Three of the most common approaches make use of:

• correlated subquery
• inequality join (nearly a Cartesian product)
• two passes over the data

Here's an approach that uses two passes over the data, using MySQL user variables, which basically emulates the analytic RANK() OVER(PARTITION ...) function available in other DBMS:

---

SELECT t.id
     , t.patient_id
     , t.visit_id
     , t.patient_result
  FROM (
         SELECT p.id
              , p.patient_id
              , p.visit_id
              , p.patient_result
              , @rn := if(@prev_patient_id = patient_id, @rn + 1, 1) AS rn
              , @prev_patient_id := patient_id AS prev_patient_id
           FROM tbl_patients p
           JOIN (SELECT @rn := 0, @prev_patient_id := NULL) i
          ORDER BY p.patient_id DESC, p.id DESC
       ) t
WHERE t.rn <= 2

Note that this involves an inline view, which means there's going to be a pass over all the data in the table to create a "derived tabled". Then, the outer query will run against the derived table. So, this is essentially two passes over the data.

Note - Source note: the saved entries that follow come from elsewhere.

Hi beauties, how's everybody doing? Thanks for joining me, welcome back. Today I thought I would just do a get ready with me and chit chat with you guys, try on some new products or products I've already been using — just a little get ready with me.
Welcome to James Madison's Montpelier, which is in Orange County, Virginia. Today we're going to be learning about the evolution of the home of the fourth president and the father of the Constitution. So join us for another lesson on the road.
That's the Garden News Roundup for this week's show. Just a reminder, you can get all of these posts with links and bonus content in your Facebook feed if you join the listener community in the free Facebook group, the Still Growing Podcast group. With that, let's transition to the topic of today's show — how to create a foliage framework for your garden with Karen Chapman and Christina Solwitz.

This query can be tweaked a bit to improve performance, by eliminating the duplicated value of the patient_id column returned by the inline view. But I show it as above, so we can better understand what is happening.

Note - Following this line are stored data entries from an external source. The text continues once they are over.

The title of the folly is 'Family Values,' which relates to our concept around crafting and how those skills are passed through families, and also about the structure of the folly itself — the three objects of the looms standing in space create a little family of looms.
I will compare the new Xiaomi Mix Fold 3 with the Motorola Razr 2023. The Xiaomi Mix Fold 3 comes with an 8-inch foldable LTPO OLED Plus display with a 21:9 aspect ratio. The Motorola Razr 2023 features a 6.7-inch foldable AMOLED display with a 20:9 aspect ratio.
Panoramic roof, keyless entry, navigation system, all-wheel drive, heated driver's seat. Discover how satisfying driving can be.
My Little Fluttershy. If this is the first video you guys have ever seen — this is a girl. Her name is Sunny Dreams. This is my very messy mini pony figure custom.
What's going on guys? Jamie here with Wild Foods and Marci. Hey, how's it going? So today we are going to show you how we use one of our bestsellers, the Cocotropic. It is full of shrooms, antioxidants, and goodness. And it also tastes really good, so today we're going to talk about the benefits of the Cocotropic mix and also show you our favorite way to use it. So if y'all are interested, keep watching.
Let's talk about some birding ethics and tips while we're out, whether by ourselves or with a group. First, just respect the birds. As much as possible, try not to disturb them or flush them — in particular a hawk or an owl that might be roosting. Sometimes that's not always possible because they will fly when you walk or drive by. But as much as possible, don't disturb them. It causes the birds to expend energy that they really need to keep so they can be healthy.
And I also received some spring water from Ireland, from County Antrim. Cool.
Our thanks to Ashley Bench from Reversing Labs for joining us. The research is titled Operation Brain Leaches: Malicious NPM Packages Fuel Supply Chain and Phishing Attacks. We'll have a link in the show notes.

This approach can be rather expensive on large sets, but is generally MUCH more efficient than some of the other approaches.

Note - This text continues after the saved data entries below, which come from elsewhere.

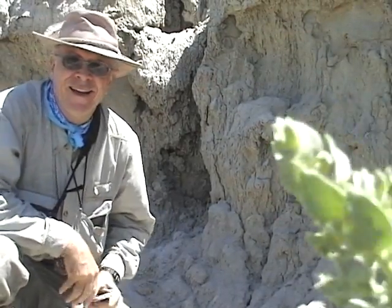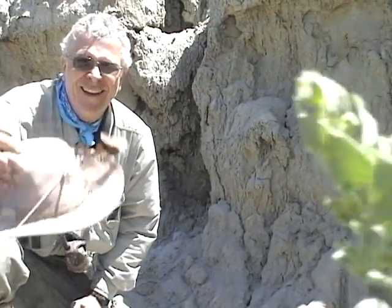All right, how you doing? My name is Homer Hickam. I'm out here in Northeast Montana today. This is my hobby — amateur paleontology.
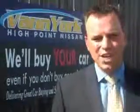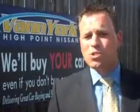Enjoy the drive and have peace of mind in this 2014 Nissan Sentra. See us at Van York's High Point Nissan today. Come by and work with our internet department, or see me personally, Trey Powell. At Van York's High Point Nissan, we want to earn your business.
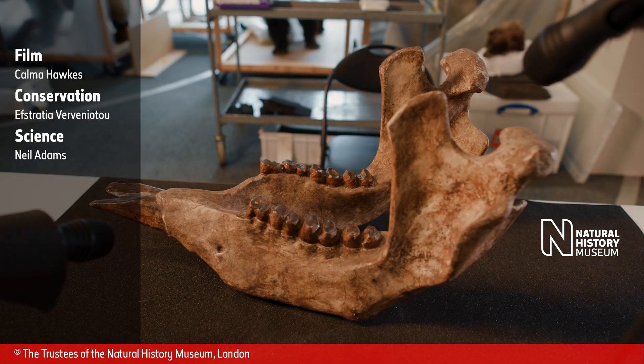Thank you for listening and stay tuned for more ASMR videos from the Natural History Museum.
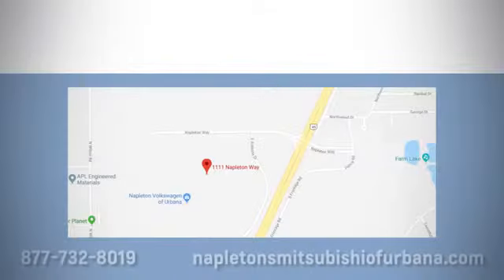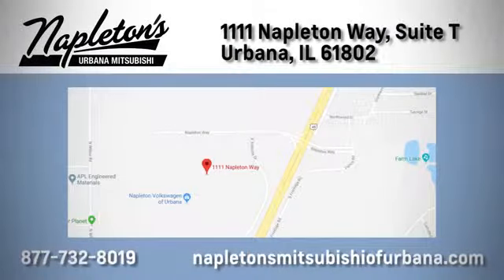You can see why Napleton's Mitsubishi of Urbana is different from the competition. Call, click, or stop in today. We're located at 1111 Napleton Way in Urbana.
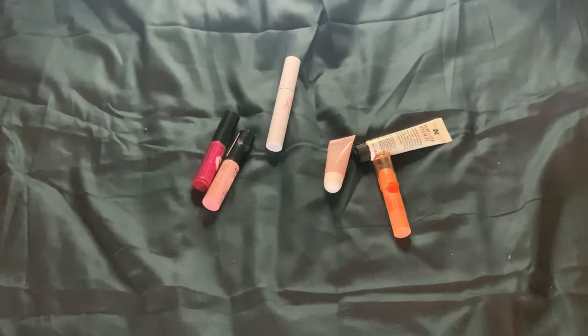That's it for my lip product inventory. I hope you enjoyed! If you have some lipsticks or lip glosses I should try, leave a comment down below. I'm dying to try some new lip products out, but I also do need to use some up. I hope I will see you again in my next video. Bye!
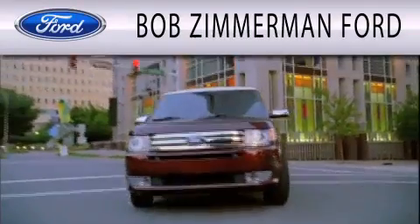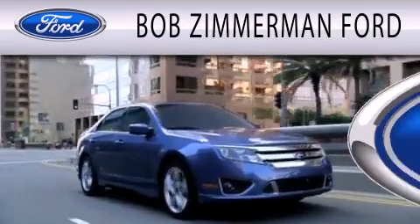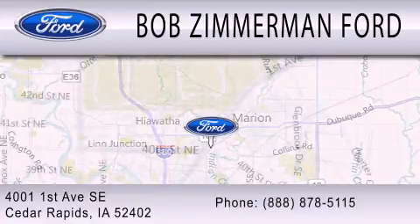Bob Zimmerman Ford is dedicated to doing everything possible to ensure that the experience you have selecting your next vehicle is as pleasant as possible. We are located at 4001 First Avenue Southeast in Cedar Rapids.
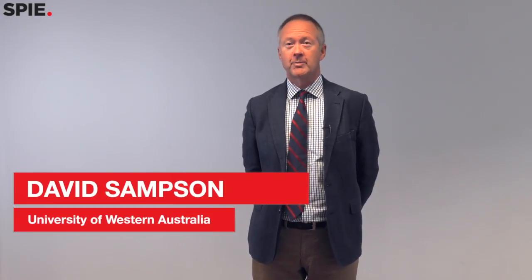I'm David Sampson, from the University of Western Australia. I direct an entity called the Optical and Biomedical Engineering Laboratory, and that's really what I'm here to talk about mostly today. But I also direct the Centre for Microscopy Characterisation and Analysis, which does a whole pile of microscopy and related techniques beyond the field of optics.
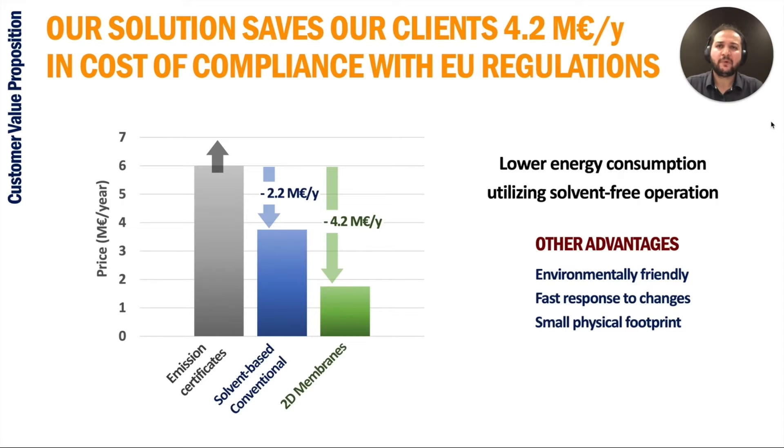Due to our membrane-based solvent-free technology, we bring forward an innovative process eliminating the high energy consumption of solvent-based conventional units. By doing so, our clients save 4.2 million euro per year utilizing our 50-kiloton CO2 per year capture unit, compared to paying the constantly raising carbon tax on their CO2 emissions — 2 million euro more savings compared to conventional units.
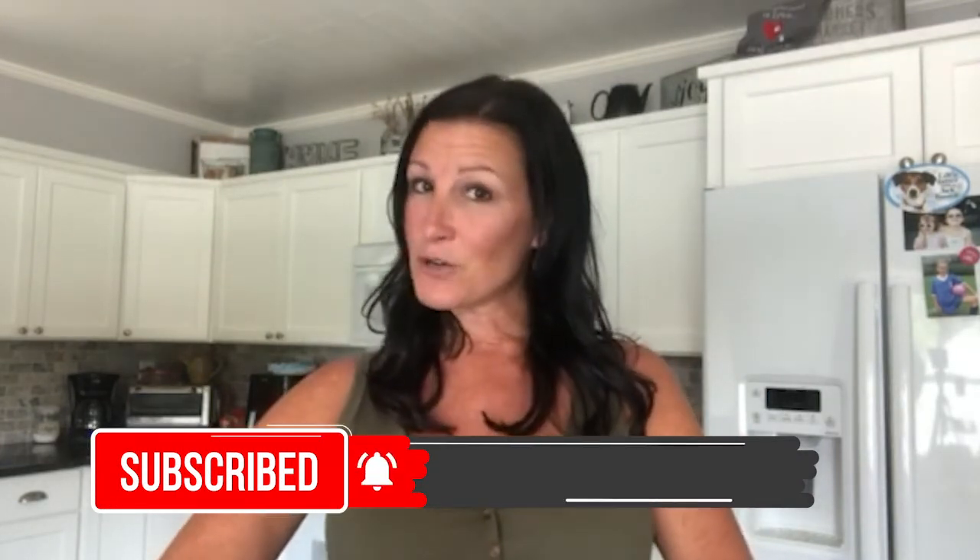So if new dinner ideas is something that you're interested in, go ahead and hit the subscribe button and the notification bell so that you never miss out on a weekly meal plan. So I will go ahead and get started with this week's easy dinners.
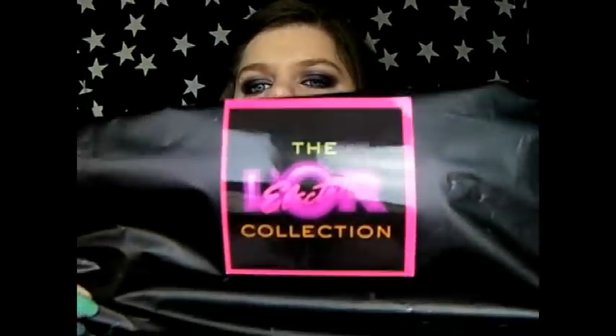L'Oreal have a new collection out called the Lorelectric Collection. This whole collection was sent to me — along with the two Lizelle products. It consists of three nail polishes, two eyeshadows and three lipsticks. I've been playing with it for a while and I think I'll do a separate video. There are three nail polishes — these two look very similar but they're not really.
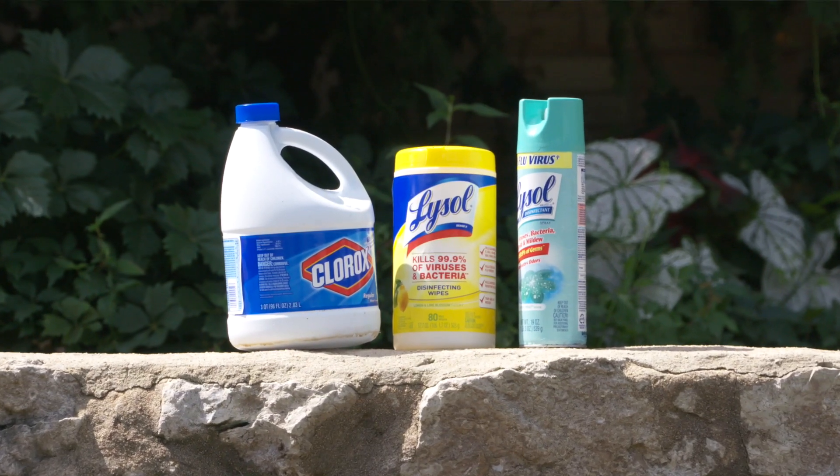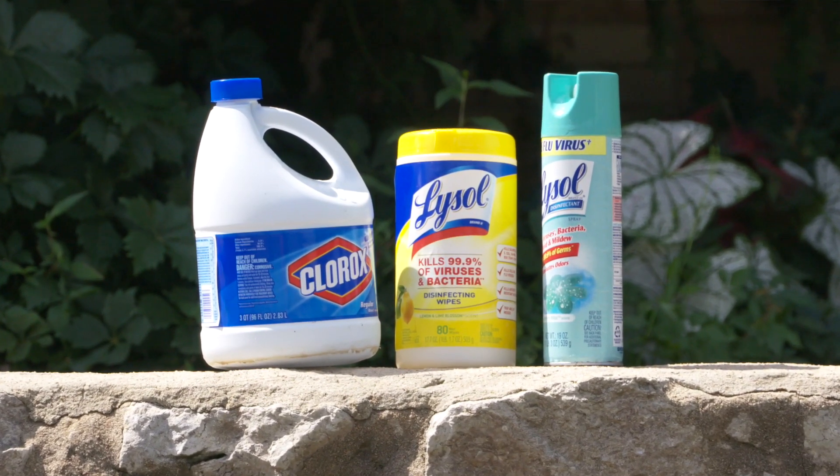At the end of the day, launder your clothing and come back fresh the next day. For tools and equipment, there are many different sanitizers that can be used to clean those tools and remove those mites.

Note also that this query will return a row for a patient_id if there is only one id value exists for that patient; it does not restrict the return to just those patients that have at least two rows.

---

It's also possible to get an equivalent resultset with a correlated subquery:

SELECT t.id
     , t.patient_id
     , t.visit_id
     , t.patient_result
  FROM tbl_patients t
 WHERE ( SELECT COUNT(1) AS cnt
           FROM tbl_patients p
          WHERE p.patient_id = t.patient_id
            AND p.id >= t.id
       ) <= 2
 ORDER BY t.patient_id ASC, t.id ASC

Note that this is making use of a "dependent subquery", which basically means that for each row returned from t, MySQL is effectively running another query against the database. So, this will tend to be very expensive (in terms of elapsed time) on large sets.

---

As another approach, if there are relatively few id values for each patient, you might be able to get by with an inequality join:

SELECT t.id
     , t.patient_id
     , t.visit_id
     , t.patient_result
  FROM tbl_patients t
  LEFT
  JOIN tbl_patients p
    ON p.patient_id = t.patient_id 
   AND t.id < p.id
 GROUP
    BY t.id
     , t.patient_id
     , t.visit_id
     , t.patient_result
HAVING COUNT(1) <= 2

Note that this will create a nearly Cartesian product for each patient. For a limited number of id values for each patient, this won't be too bad. But if a patient has hundreds of id values, the intermediate result can be huge, on the order of (O)n**2.

Answer 2

Your first query doesn't get the last visits, since it gives results 5 and 6 instead of 2 and 9. You can try this query:

SELECT patient_ID,visit_ID,patient_result
FROM tbl_patient
where id in (
    select max(id) 
    from tbl_patient
    GROUP BY patient_ID)
union
SELECT patient_ID,visit_ID,patient_result
FROM tbl_patient
where id in (
    select max(id) 
    from tbl_patient
    where id not in (
        select max(id) 
        from tbl_patient
        GROUP BY patient_ID)
    GROUP BY patient_ID)
order by 1,2

Answer 3

select p1.patient_id, p2.maxid id1, max(p1.id) id2
from tbl_patient p1
join (select patient_id, max(id) maxid
      from tbl_patient
      group by patient_id) p2
on p1.patient_id = p2.patient_id and p1.id < p2.maxid
group by p1.patient_id

id11 is the ID of the last visit, id2 is the ID of the 2nd to last visit.

Answer 4

Try this..

SELECT id, patient_result FROM tbl_patient AS tp WHERE id < ((SELECT MAX(id) FROM tbl_patient AS tp_max WHERE tp_max.patient_ID = tp.patient_ID)  - 1) GROUP BY patient_ID

Answer 5

SELECT id, patient_result FROM `tbl_patient` t1
JOIN (SELECT MAX(id) as max, patient_ID FROM `tbl_patient` GROUP BY `patient_ID`) t2 
      ON t1.patient_ID = t2.patient_ID
WHERE id <max GROUP BY t1.`patient_ID`

Answer 6

Why not use simply...

GROUP BY `patient_ID` DESC LIMIT 2

... and do the rest in the next step?